Look, it's actually pretty simple: New Order forged a pioneering sound at the beginning of the '80s, smack in the middle of synth-pop dance beats and post-punk hard rock that no one had ever heard before. Everything they've done since has been variations on that sound. Get Ready is no exception: it's all about Bernard Sumner's churning guitar and plaintive vocals, Stephen Morris' precise beats, Gillian Gilbert's atmospheric synth work, and Peter Hook's upfront melodies on bass. Other bands have done this, of
course, before and since, but nobody has ever straddled the line
like New Order. These days the fun is in watching how they stitch it all
together, as in "Primitive Notion," leading off with a bass
riff that anchors the song over and over again as the other
instruments drop in and out of the mix, fighting it for prominence.
In the end, Hook wins, but everybody else took a helluva shot.

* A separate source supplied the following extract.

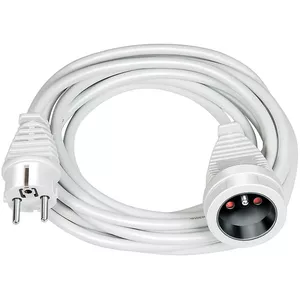 Power cable Brennenstuhl 1168434 3 m White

Even better is "Slow Jam," which is pretty much all about an
endlessly repeating guitar riff that intensifies on the chorus and
drops out to catch its breath for a second before the next verse.
When Sumner sings, "Can't get enough of this," he's
obviously talking about the guitar parts he's come up with. Not
that it matters what he's singing about: New Order have always
been about the grooves, the melodies, and the interplay between
the instruments. So listening to the build-up at the beginning of a
song like "Someone Like You" echoing keyboards, driving
drums, rumbling bass, and finally guitar and more guitar is
far more rewarding than noticing that a sample couplet goes
"You're everything to me/ The sweetest symphony."
New Order get the fact that there's meaning in the pure physicality and
drive of their music. Certainly when the three men were in Joy Division, the words meant more but look where that got
them. So when, at the end of Get Ready, they chant "Good
times around the corner" over and over again, suddenly
inadvertently, of course it pretty much sums up everything they're about.